(Task prompt) The records below must be written out exactly, with every picture left behind.

────────────────────

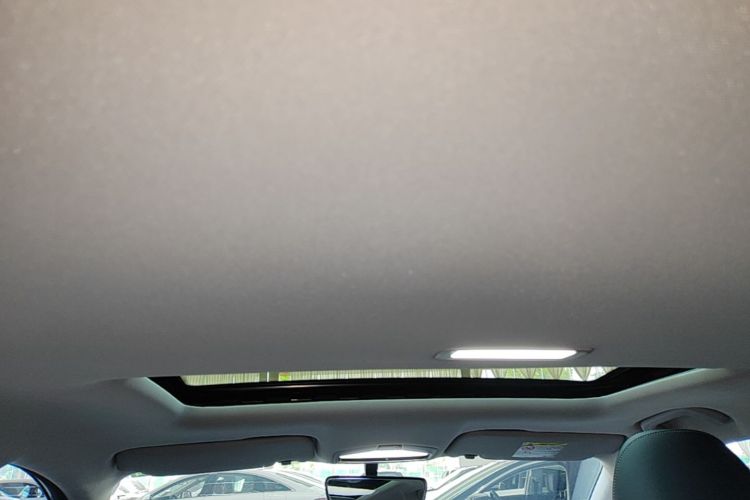 GEELY Emgrand 2022 #20 GEELY Emgrand 2022 car image #20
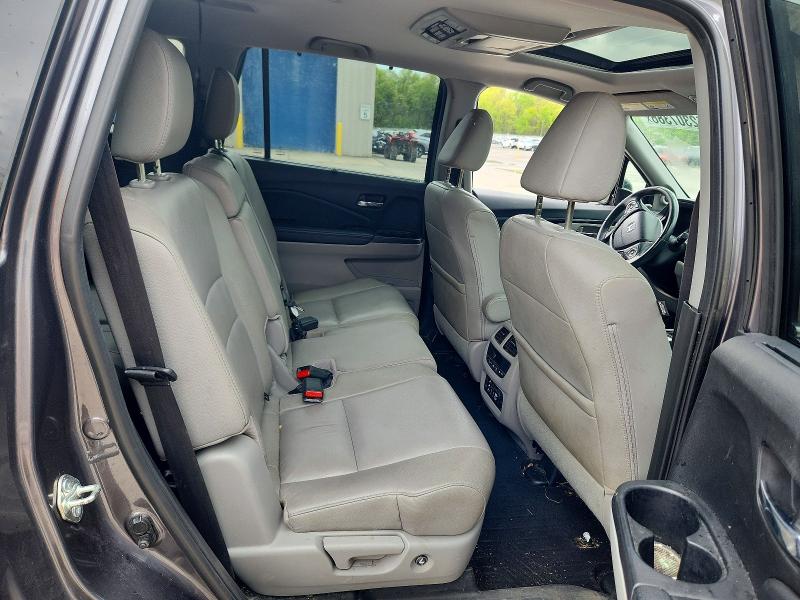 Продаж на аукціоні авто 2017 Honda Pilot, vin: 5FNYF6H92HB076887, номер лоту: 52307386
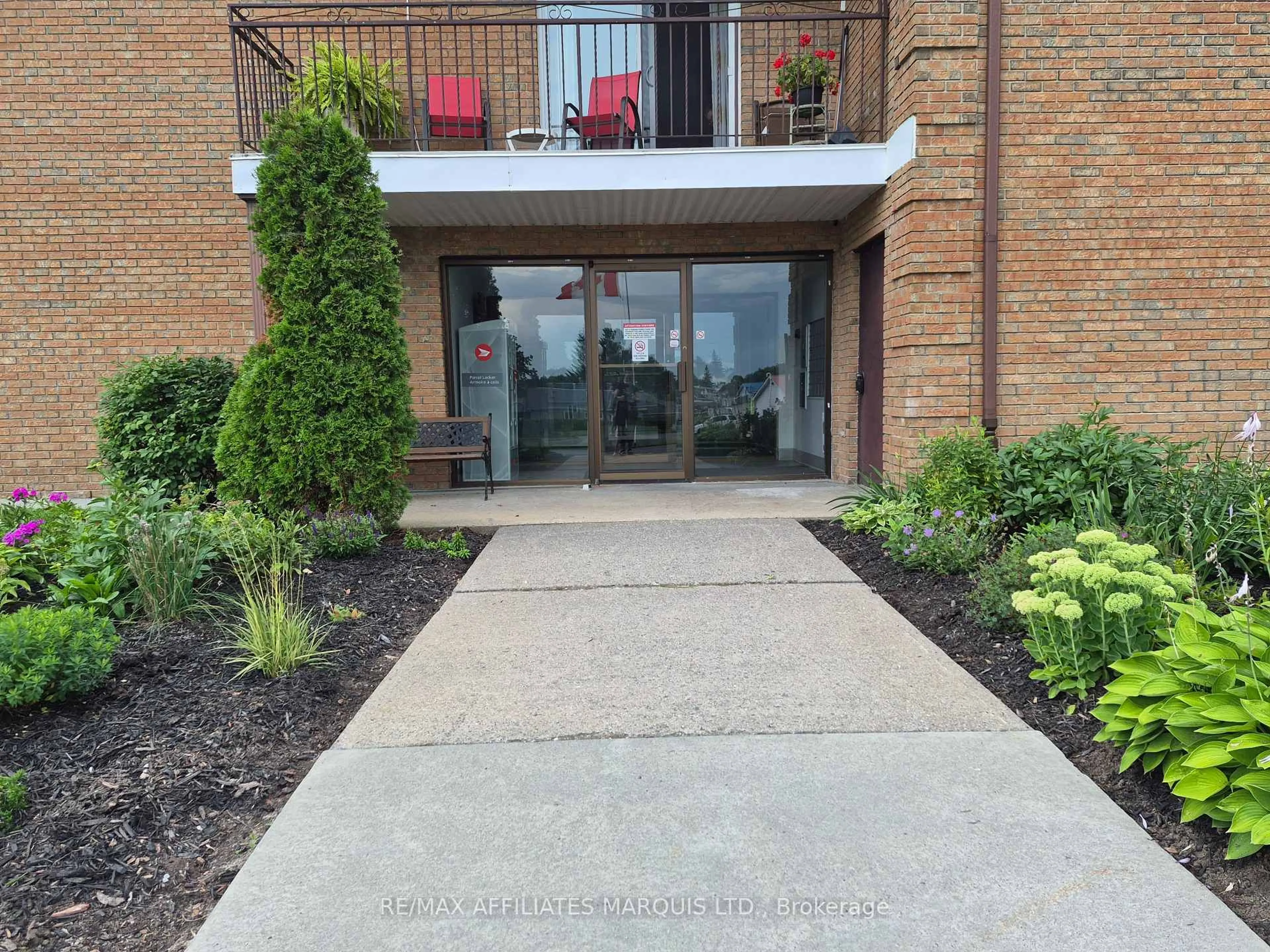 Unknown for 220 Kenyon St #302, North Glengarry Ontario K0C 1A0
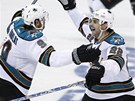 TYS TO DOK�ZAL. Dan Boyle (vlevo) se vrh� na na sv�ho spoluhr��e ze San Jose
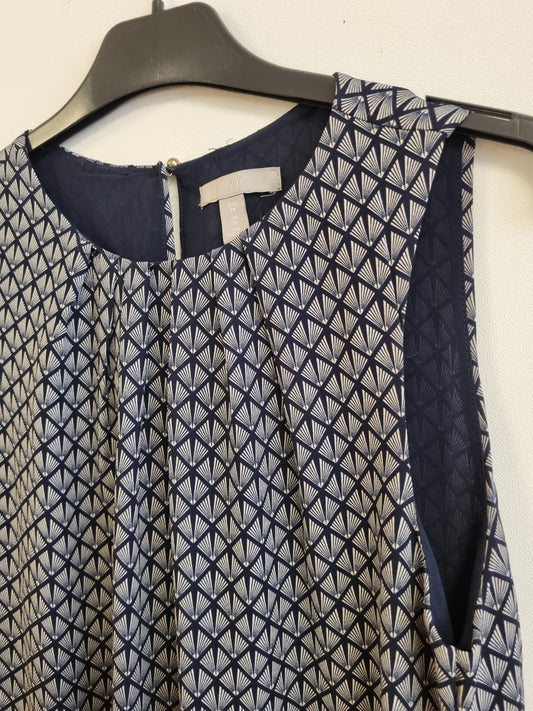 H&M Ermeløs kjole - M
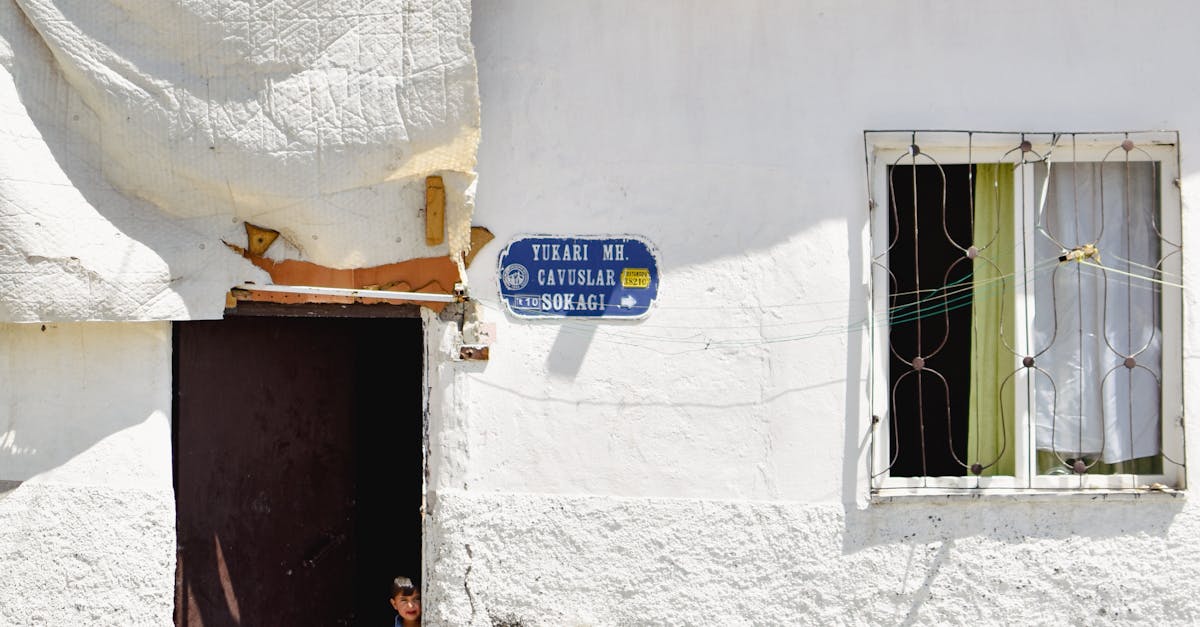 découvrez les différentes facettes de la résignation, un concept qui interpelle et questionne notre rapport à la vie et aux épreuves. plongez dans l'analyse de ses implications psychologiques et sociales.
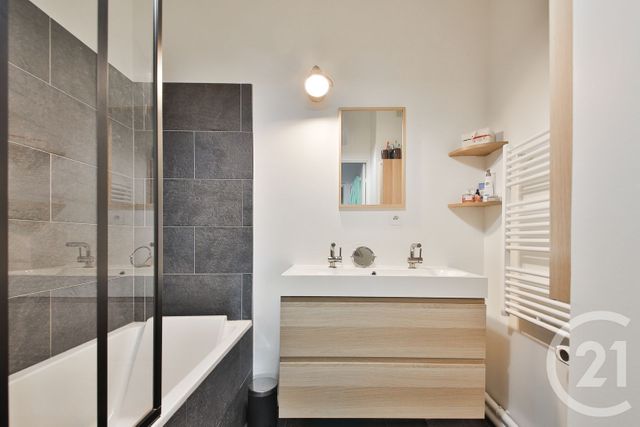 Appartement T3 &agrave; vendre - 3 pi&egrave;ces - 71,19 m2 - Asnieres Sur Seine - 92 - ILE-DE-FRANCE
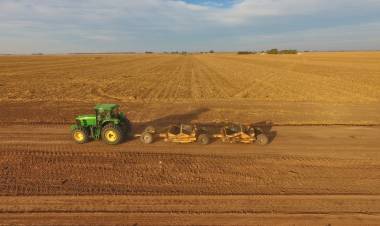 Córdoba crea el primer Consorcio integral para el cuidado de suelos y caminos rurales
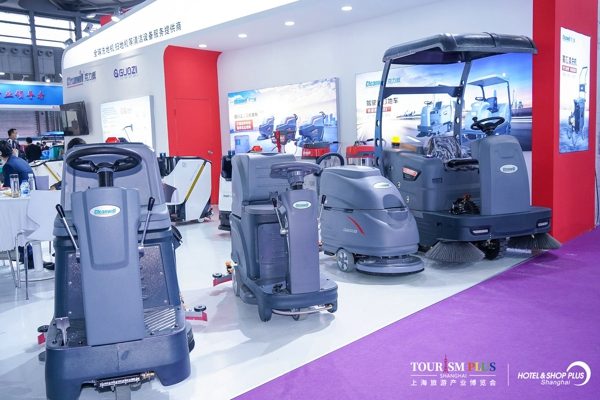 为什么越来越多的工厂车间选择用洗地机做地面清洁？(图2)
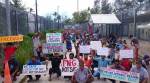 Asylum seekers refuse to leave Papua New Guinea camp despite loss of power, water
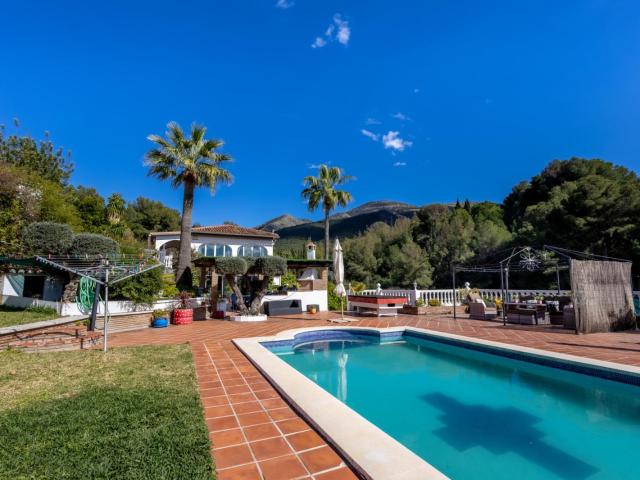 Finca en venta en Alhaurín El Grande, Málaga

────────────────────

(Solution for this exercise)
 GEELY Emgrand 2022 #20 GEELY Emgrand 2022 car image #20
 Продаж на аукціоні авто 2017 Honda Pilot, vin: 5FNYF6H92HB076887, номер лоту: 52307386
 Unknown for 220 Kenyon St #302, North Glengarry Ontario K0C 1A0
 TYS TO DOK�ZAL. Dan Boyle (vlevo) se vrh� na na sv�ho spoluhr��e ze San Jose
 H&M Ermeløs kjole - M
 découvrez les différentes facettes de la résignation, un concept qui interpelle et questionne notre rapport à la vie et aux épreuves. plongez dans l'analyse de ses implications psychologiques et sociales.
 Appartement T3 &agrave; vendre - 3 pi&egrave;ces - 71,19 m2 - Asnieres Sur Seine - 92 - ILE-DE-FRANCE
 Córdoba crea el primer Consorcio integral para el cuidado de suelos y caminos rurales
 为什么越来越多的工厂车间选择用洗地机做地面清洁？(图2)
 Asylum seekers refuse to leave Papua New Guinea camp despite loss of power, water
 Finca en venta en Alhaurín El Grande, Málaga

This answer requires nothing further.